How many of us realize that today federal agents can invade a man's property without a warrant?

They can impose a fine without a formal hearing,

let alone a trial by jury?

And they can seize and sell his property at auction

to enforce the payment of that fine.

In Chico County, Arkansas, James Wier over-planted his rice allotment.

The government obtained a 17,000 dollar judgment.

And a U.S. marshal sold his 960-acre farm at auction.

The government said it was necessary

as a warning to others to make the system work.

 

 

Now it doesn't require expropriation or confiscation

of private property or business to impose socialism on a people.

What does it mean whether you hold the deed to the,

or the title to your business or property

if the government holds the power of life and death over that business or property?

And such machinery already exists.

The government can find some charge

to bring against any concern it chooses to prosecute.

Every businessman has his own tale of harassment.

Somewhere a perversion has taken place.

Our natural, unalienable rights are now considered to be a dispensation of government,

and freedom has never been so fragile, so close to slipping from our grasp as it is at this moment.

 

Our Democratic opponents seem unwilling to debate these issues.

They want to make you and I believe that this is a contest

between two men - that we're to choose just between two personalities.

 

Well what of this man that they would destroy, and in destroying, t

hey would destroy that which he represents,

the ideas that you and I hold dear?

Is he the brash and shallow and trigger-happy man they say he is?

Well I've been privileged to know him "when."

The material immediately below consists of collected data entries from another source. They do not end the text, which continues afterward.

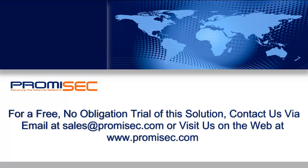For a free, no-obligation trial of this solution, contact us via email at sales@promisec.com or visit us on the web at www.promisec.com.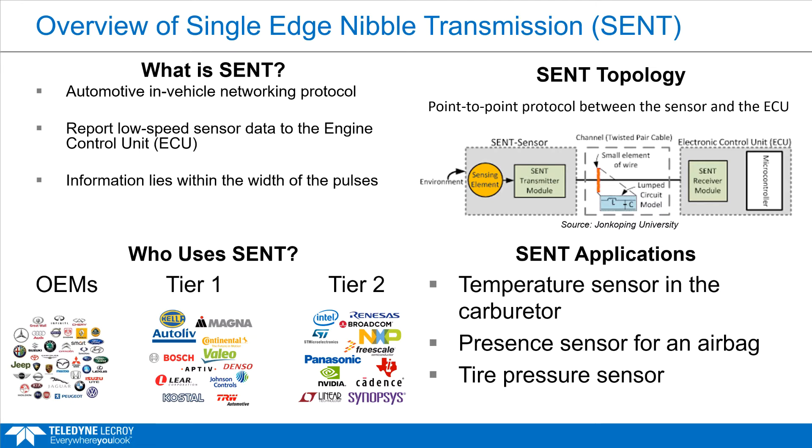SENT was developed because the environment in a car was too noisy to transmit high-resolution sensor data vertically on a 5-volt bus.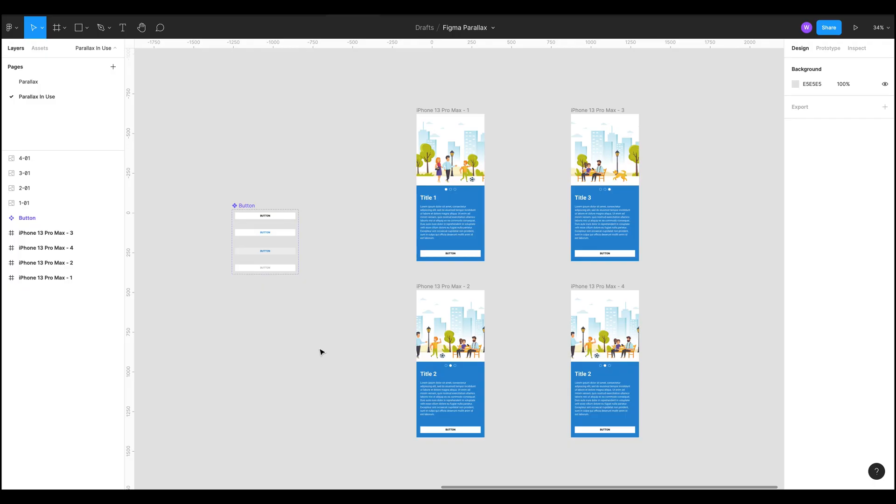Hello everyone, Will from Will Brack Design here, back with another video, a little tips and tricks video. This one's more about prototyping and a little annoyance that I find in Figma that I found a solution to and hopefully it'll help someone else.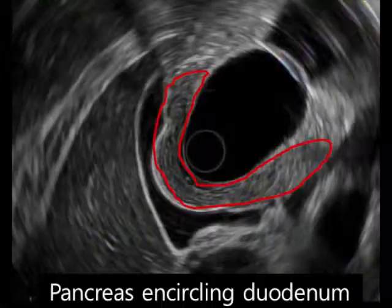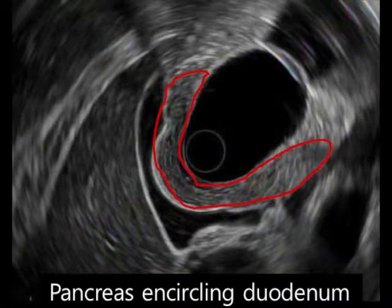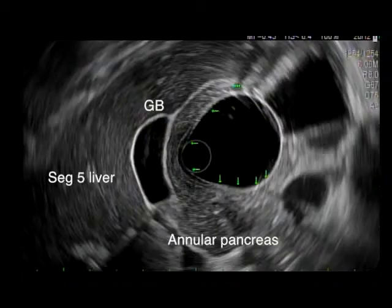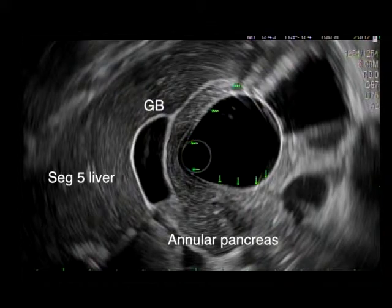This pancreatic parenchyma was almost encircling two-thirds of the duodenal lumen, and the parenchymal echo texture of this part was similar to the body and tail of the pancreas.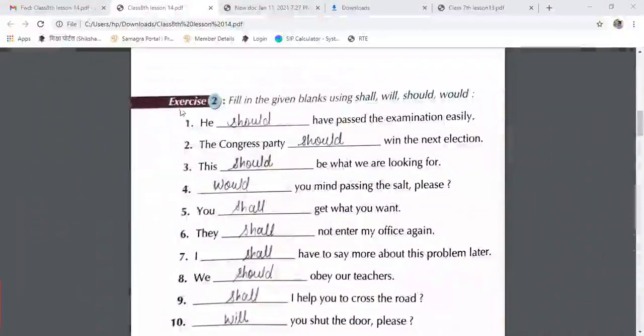These are the answers of your exercise number 2 of lesson number 14. The model works, page number 138.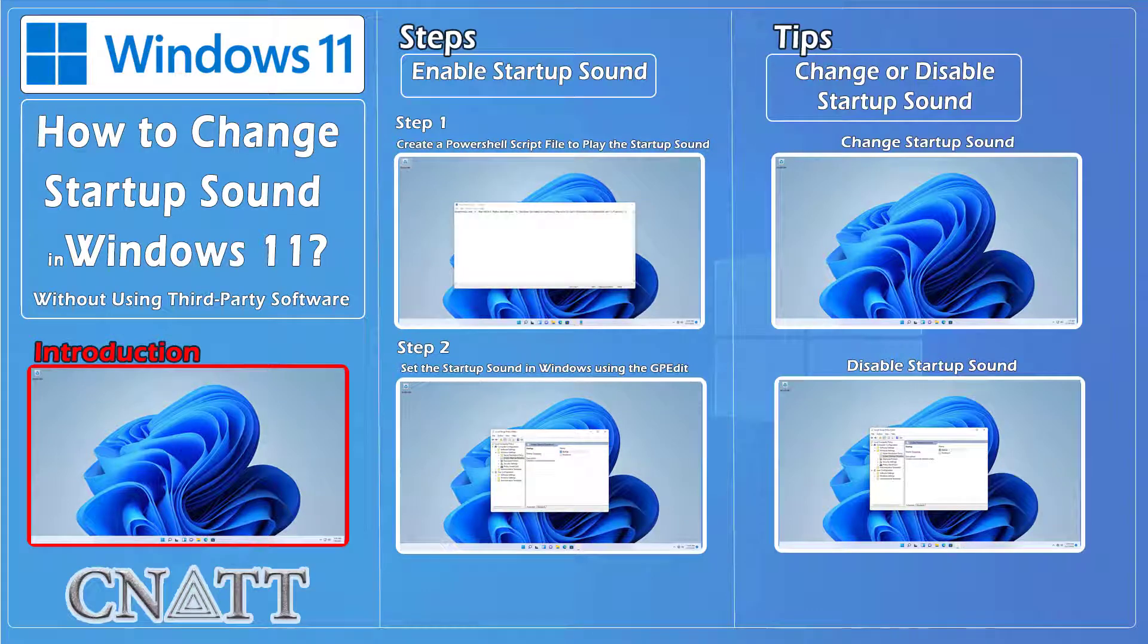Hello everybody and welcome to CNATT channel. In this video, we will show you how to change startup sound in Windows 11 without using third-party software.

I knew him long before he ever dreamed of trying for high office,

and I can tell you personally I've never known a man in my life

I believed so incapable of doing a dishonest or dishonorable thing.

 

This is a man who,

in his own business before he entered politics,

instituted a profit-sharing plan before unions had ever thought of it.

He put in health and medical insurance for all his employees.

He took 50 percent of the profits before taxes and set up a retirement program, a

pension plan for all his employees.

He sent monthly checks for life to an employee who was ill and couldn't work.

He provides nursing care for the children of mothers who work in the stores.